--- Problem to work on ---
Reproduce, please, the line that holds "スタンド花　2段　お祝い用" and all later lines through the end of the entries below, exactly; omit pictures.

☆ ☆ ☆

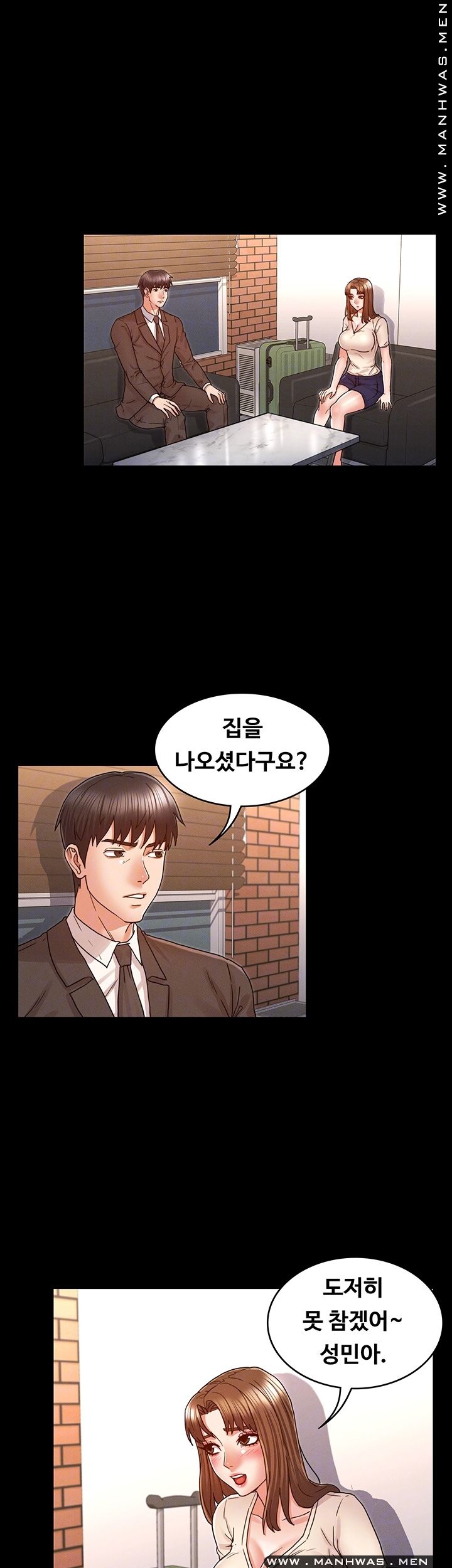 Teacher Punishment Raw Chapter 24 Page 4
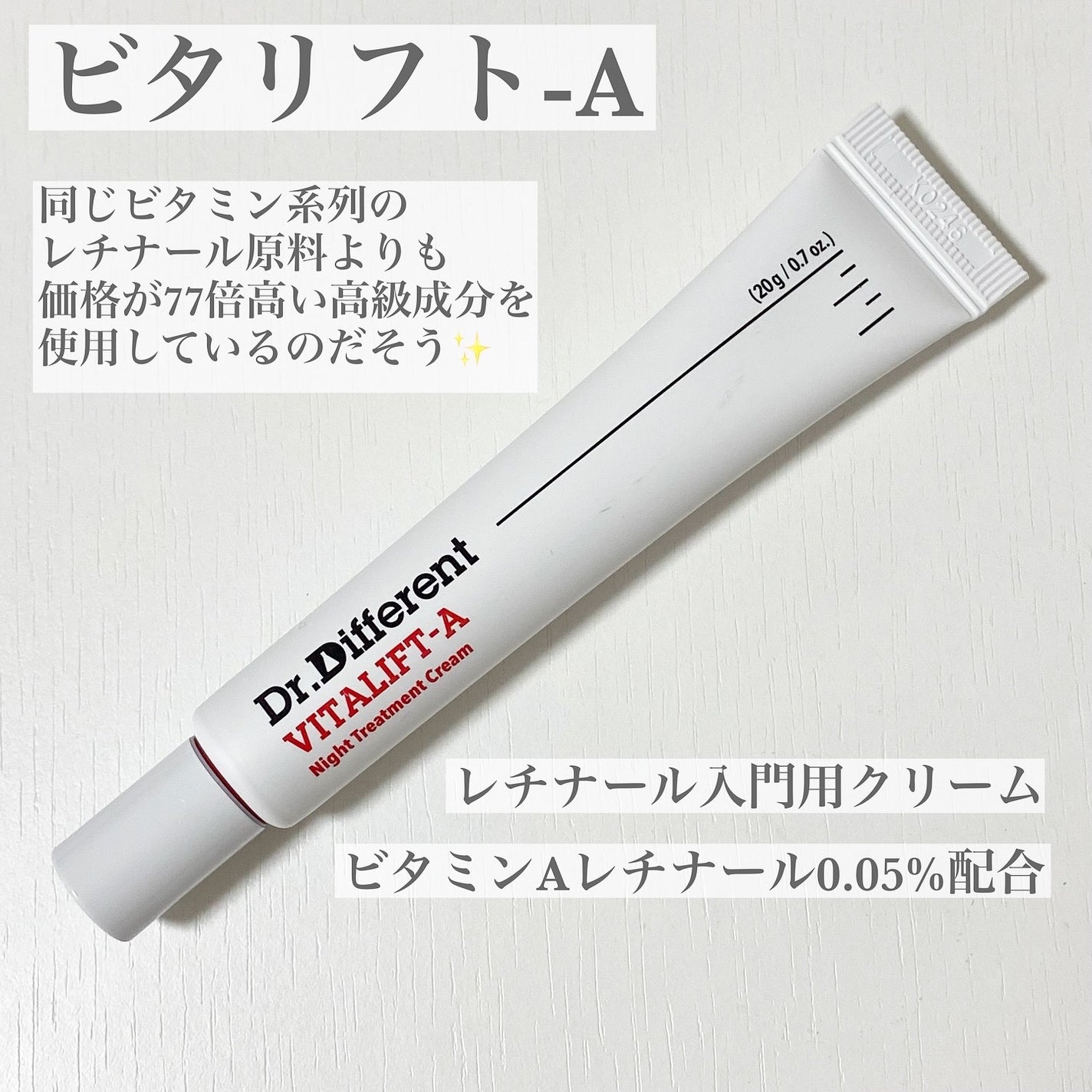 VITALIFT A forte/Dr.Different/フェイスクリームを使ったクチコミ(2枚目)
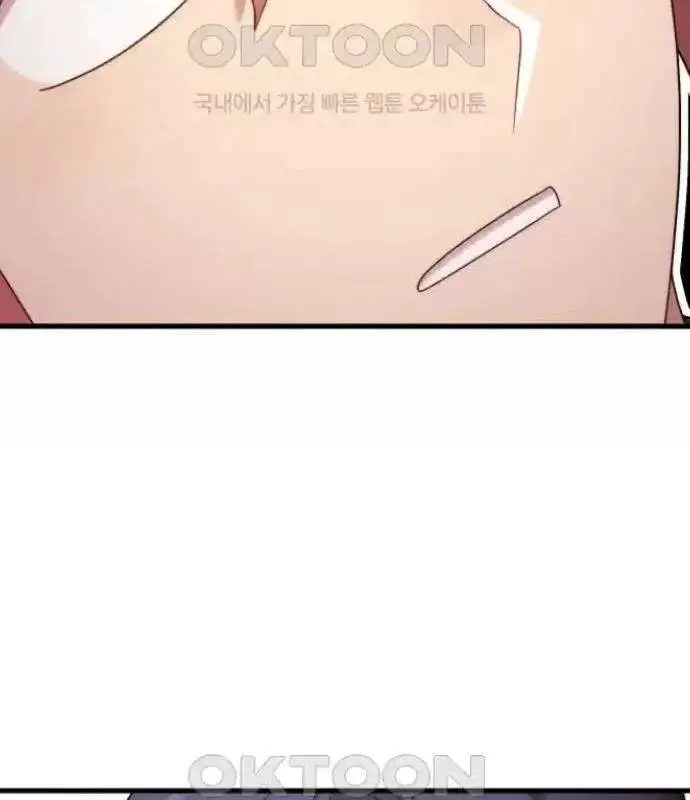 Trở Thành Quỷ Vương Level 999 Nettruyen ZZZ Chương 34 Page 27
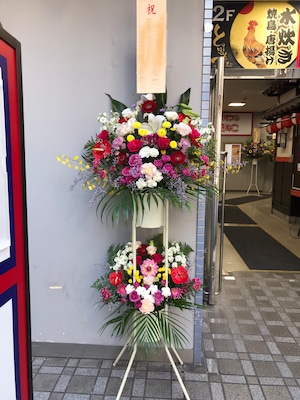 スタンド花　2段　お祝い用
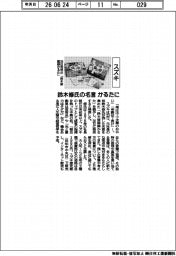 スズキ、鈴木修氏の名言をかるたに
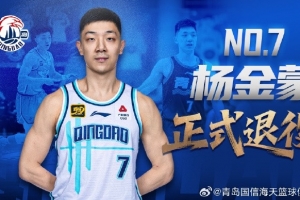 官方公告 | 防守尖兵 七年堅(jiān)守！楊金蒙正式退役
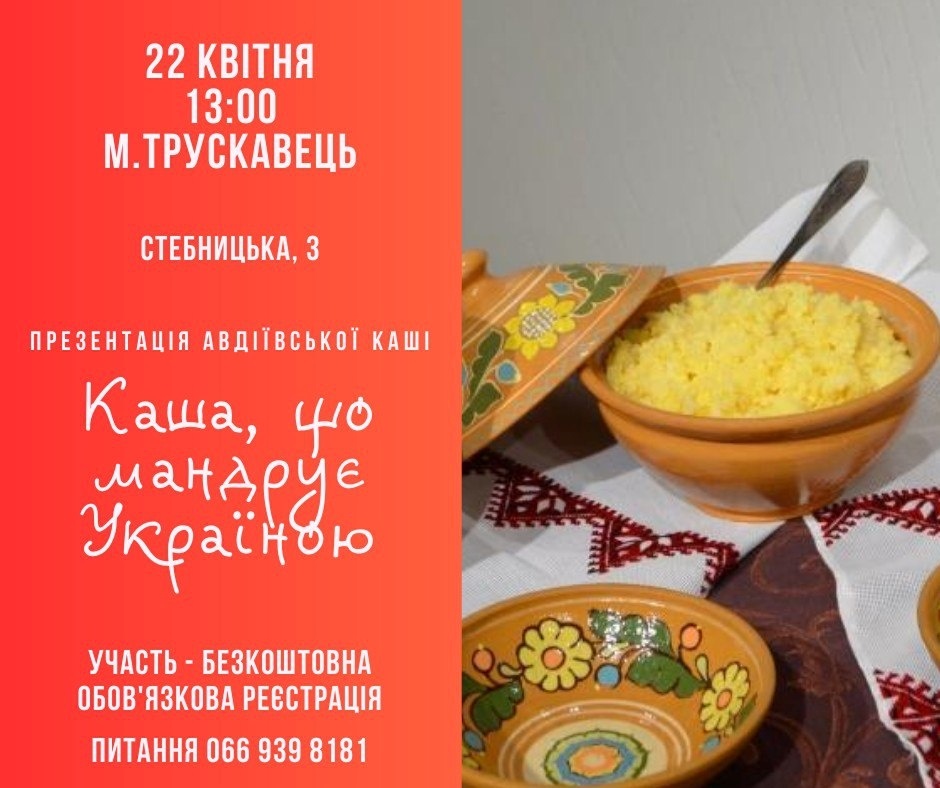Афіша заходу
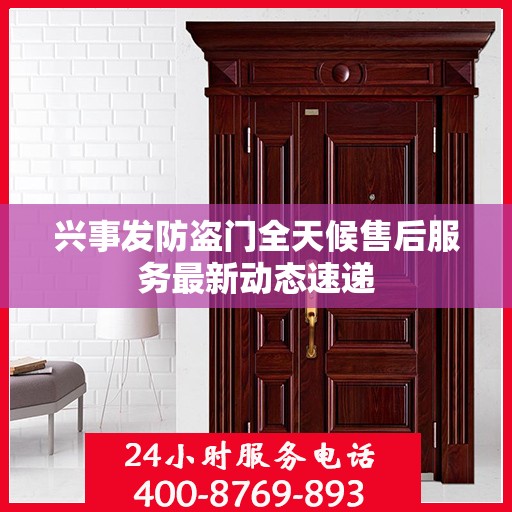 兴事发防盗门全天候售后服务最新动态速递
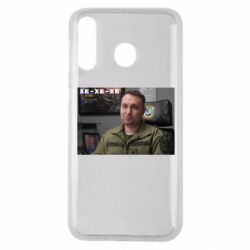 Чехол для Samsung M30 Ухмылка Буданова - PrintSalon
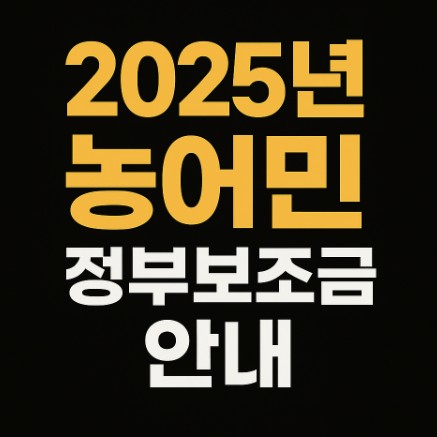 2025년 농어민 정부보조금 안내
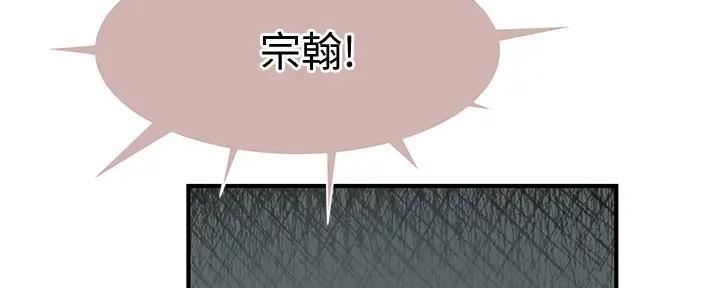 《我们的戏剧关系》第106话 第52页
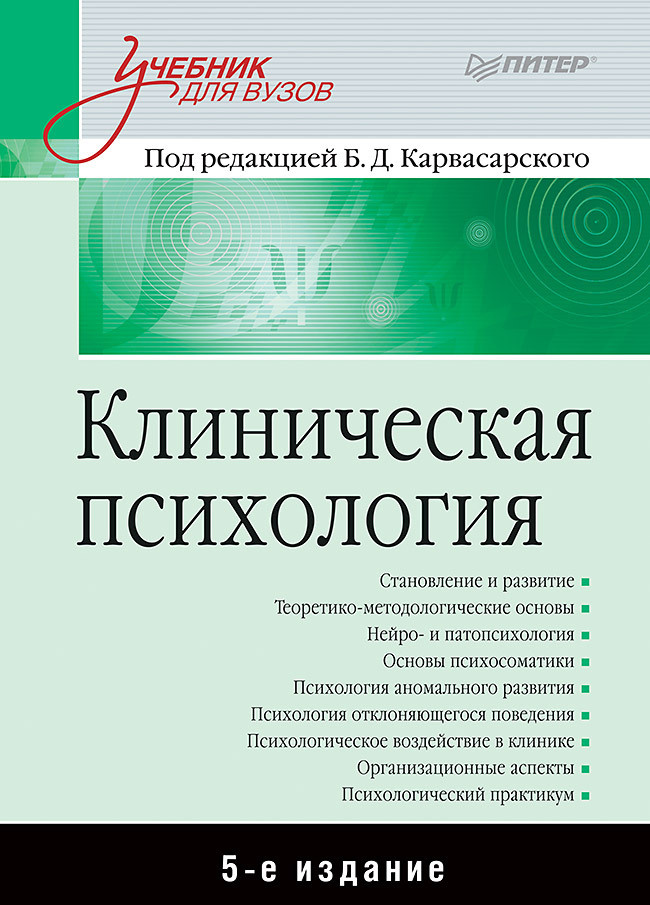 Клиническая психология: Учебник для вузов. 5-е изд. | Карвасарский Борис Дмитриевич  #1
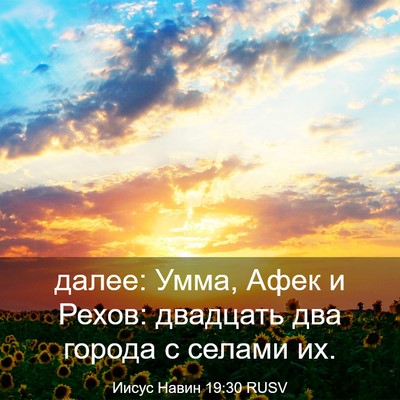 Picture 03 - Иисус Навин 19:30 RUSV - далее: Умма, Афек и Рехов: - Bible Verse Picture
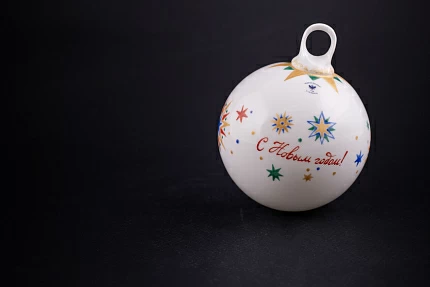 Елочная игрушка Шар с елкой, рисунок Звездочки, арт 60.21173.00.1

☆ ☆ ☆

--- Written solution ---
 スタンド花　2段　お祝い用
 スズキ、鈴木修氏の名言をかるたに
 官方公告 | 防守尖兵 七年堅(jiān)守！楊金蒙正式退役
Афіша заходу
 兴事发防盗门全天候售后服务最新动态速递
 Чехол для Samsung M30 Ухмылка Буданова - PrintSalon
 2025년 농어민 정부보조금 안내
 《我们的戏剧关系》第106话 第52页
 Клиническая психология: Учебник для вузов. 5-е изд. | Карвасарский Борис Дмитриевич  #1
 Picture 03 - Иисус Навин 19:30 RUSV - далее: Умма, Афек и Рехов: - Bible Verse Picture
 Елочная игрушка Шар с елкой, рисунок Звездочки, арт 60.21173.00.1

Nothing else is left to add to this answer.